Photo Credit: eltiempo.com / Foter / Creative Commons Attribution-NonCommercial-ShareAlike 2.0 Generic (CC BY-NC-SA 2.0)

Photo Credit: eltiempo.com / Foter / Creative Commons Attribution-NonCommercial-ShareAlike 2.0 Generic (CC BY-NC-SA 2.0)

Incumbent center-right president Juan Manuel Santos emerged triumphant from yesterday’s second round of presidential balloting in Colombia – giving momentum to his peace talks with the FARC and his efforts to continue improving the country’s democracy.  He defeated challenger Oscar Iván Zuluaga, of the rightwing Union of the Democratic Center, which is led by former President Álvaro Uribe, a polarizing figure remembered in Washington as George W. Bush’s favorite Latin American leader.  Santos prevailed by a clear margin of five percentage points, and Colombia’s technically impeccable vote-counting process virtually ensures that the outcome will not be disputed.  The turnout of 2.4 million additional voters yesterday reduced voter abstention from 60 percent in the first round to a still-worrisome 52 percent.  Regional divisions among the electorate were striking: in some areas long plagued by Colombia’s civil conflict, the President won overwhelmingly, and he achieved substantial gains in Bogota, winning a strong majority, thanks in large measure to the endorsement of leading leftist politicians.  By contrast, in the central and southern parts of the country, particularly in Antioquia, the bastion of Uribismo, the opposition candidate garnered nearly two thirds of the vote.

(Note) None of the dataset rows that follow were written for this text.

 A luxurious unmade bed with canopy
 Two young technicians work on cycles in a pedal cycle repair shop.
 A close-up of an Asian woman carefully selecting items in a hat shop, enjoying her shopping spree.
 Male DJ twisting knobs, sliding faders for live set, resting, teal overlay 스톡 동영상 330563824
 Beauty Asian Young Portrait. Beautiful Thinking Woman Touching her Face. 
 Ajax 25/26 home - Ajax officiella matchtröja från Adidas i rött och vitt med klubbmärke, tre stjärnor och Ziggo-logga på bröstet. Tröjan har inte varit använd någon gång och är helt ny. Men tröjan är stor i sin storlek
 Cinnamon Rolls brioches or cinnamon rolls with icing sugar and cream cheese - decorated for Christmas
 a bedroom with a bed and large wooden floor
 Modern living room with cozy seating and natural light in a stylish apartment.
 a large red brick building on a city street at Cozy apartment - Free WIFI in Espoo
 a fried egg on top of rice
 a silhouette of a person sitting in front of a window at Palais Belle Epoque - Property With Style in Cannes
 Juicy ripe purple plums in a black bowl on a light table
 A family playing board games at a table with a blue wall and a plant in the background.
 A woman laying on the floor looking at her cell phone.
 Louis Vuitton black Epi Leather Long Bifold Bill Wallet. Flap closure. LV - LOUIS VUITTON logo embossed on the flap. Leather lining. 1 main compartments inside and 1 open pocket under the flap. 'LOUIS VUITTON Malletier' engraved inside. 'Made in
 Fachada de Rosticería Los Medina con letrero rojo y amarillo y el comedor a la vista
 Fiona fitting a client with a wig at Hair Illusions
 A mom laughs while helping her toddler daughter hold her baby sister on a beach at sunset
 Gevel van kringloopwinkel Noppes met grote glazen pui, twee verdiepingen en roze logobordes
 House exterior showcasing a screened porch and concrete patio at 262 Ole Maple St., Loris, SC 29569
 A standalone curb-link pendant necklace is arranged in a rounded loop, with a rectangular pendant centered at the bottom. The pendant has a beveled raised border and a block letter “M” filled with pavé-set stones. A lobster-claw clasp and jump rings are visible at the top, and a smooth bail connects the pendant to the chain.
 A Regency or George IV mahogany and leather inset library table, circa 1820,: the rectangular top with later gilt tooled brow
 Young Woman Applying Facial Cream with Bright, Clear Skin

The candidates’ campaigns focused on the polarizing issue of peace talks with the Revolutionary Armed Forces of Colombia (FARC), which Santos launched early in his administration and have proceeded slowly but steadily in Havana.  The President sought a second term in order to complete the negotiations and end a conflict that some estimate has taken more than 200,000 lives and caused devastating human and material damage over the past half century.  By contrast, Zuluaga, taking his cue from his mentor and chief advocate Uribe – who had spent Santos’ first term and virtually all of the campaign vilifying the President as a traitor for having launched the talks – changed approach in the second round and suggested that he, too, sought peace but would impose far more stringent preconditions before talks.  Most commentators viewed his shift as suggesting a return to the Uribe-era policy of crushing the insurgency before speaking with it.  Ironically, polls showed an electorate that was barely interested in the talks and far more concerned with other issues as elsewhere in Latin America: citizen security, unemployment and public services (such as health, education and transportation) were at the forefront of voters’ concerns.  On these fronts the two candidates offered little to distinguish themselves from one another.  Further assessments of the voting data will indicate whether this may account for low voter participation in an election that outsiders perceived as momentous.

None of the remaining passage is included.